VAIL VALLEY, Colorado ” Foster care both changed and saved Vail Valley resident Aidan Fleming’s life. His eyes get watery just thinking about it.

Fleming ” who moved to Eagle County in 2002 and is in his late 30s ” was 14-years-old and living in Illinois when his parents died within 11 months of each other. The rest of his immediate family lived over seas. He and his six siblings needed a place to stay and were placed in foster homes.

“Utter chaos” was how Fleming described the situation at the first home he was placed in.



“You never knew which end was up,” Fleming said. “It was hell.”

But it got better.



After a year, he moved in with a different family in the same town and they clicked.

“The big difference was they were committed not to take the place of my parents but to be a role model ” I was pretty resistant at that point to ever having parents again,” Fleming said. “He said ‘I’ll never be your father, but I’d like to be a father figure,’ that made all the difference.”

While most children in need of foster care rarely stay with a family as long as Fleming did, county foster care recruiter John Fay wants to make sure they have the same opportunities in Eagle County Fleming did in Illinois.



Fay thinks most people either don’t know or don’t think there’s a shortage of foster care in the county.

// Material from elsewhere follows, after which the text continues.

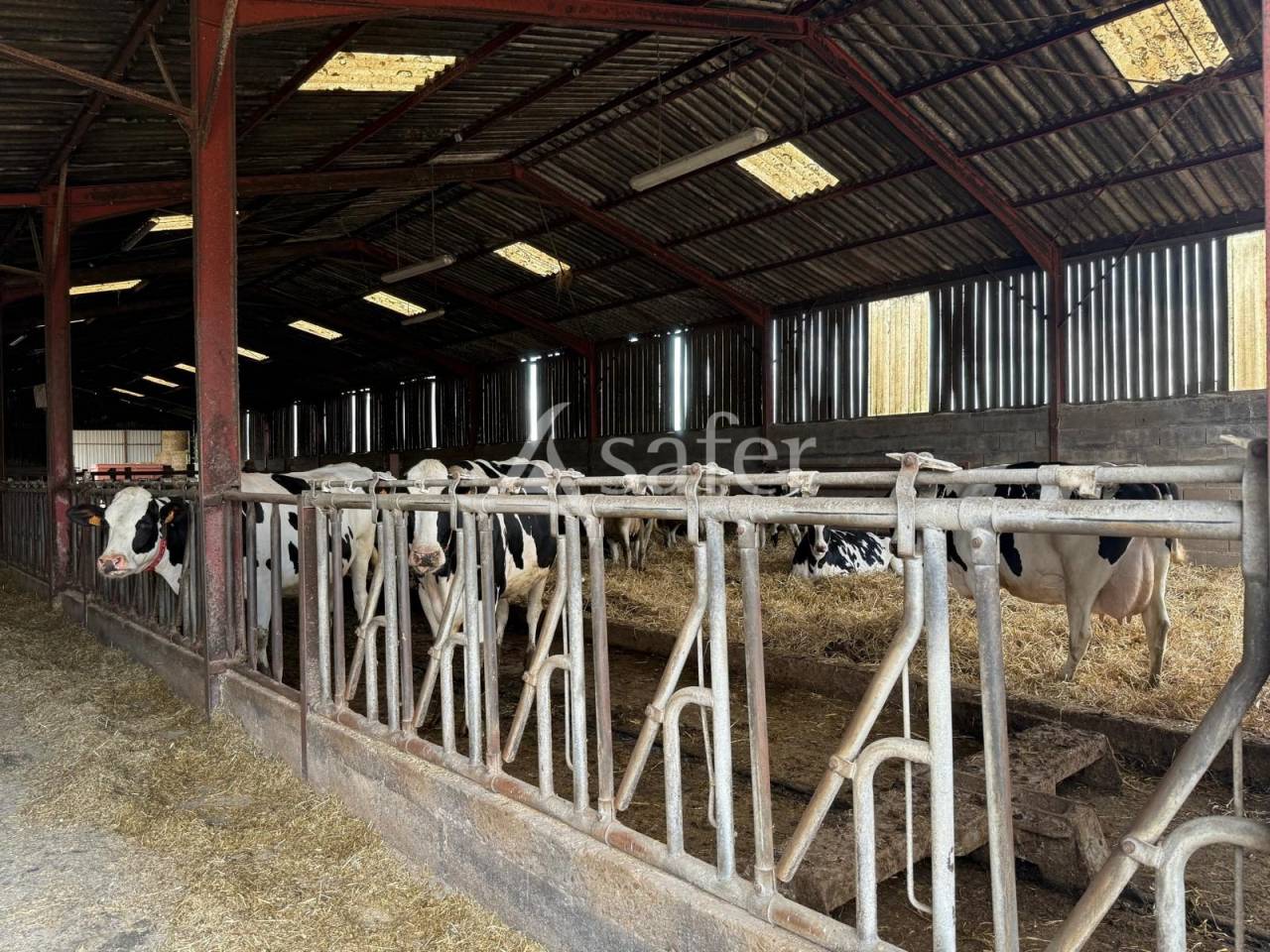 Exploitation laitière avec excellente génétique sur 142 ha de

There is, he says.

Foster care is the temporary placement by authorities of a child 18 or younger outside of their home often because of abuse or neglect.

“I think people would assume that it’s taken care of but the reality of it is that it’s not OK,” said Fay. “It’s basically non-existent.”

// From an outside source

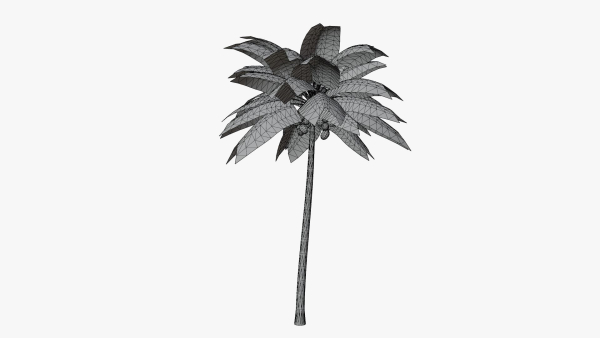 Coconut Palm v2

The county has one certified foster parent. Ten or 12 would be ideal, he said. Nearby Mesa County, which is a little more than double the size of Eagle County, has around 300 foster homes, according to Fay.

“I think the county has dropped the ball for a number of years, but these commissioners have said this is a priority,” Fay said. “I don’t think people know the need because it hasn’t been put out there.”

Since 2002, the county has received about 350 reported cases of abuse or neglect per year. Of those 350 cases, about 50 or 60 aren’t accepted. Most of the rest are resolved without removing a kid from their home. But between 15 and 20 kids a year need to be placed in a foster home and because there aren’t enough foster parents in the county, they’re often sent to other parts of the state.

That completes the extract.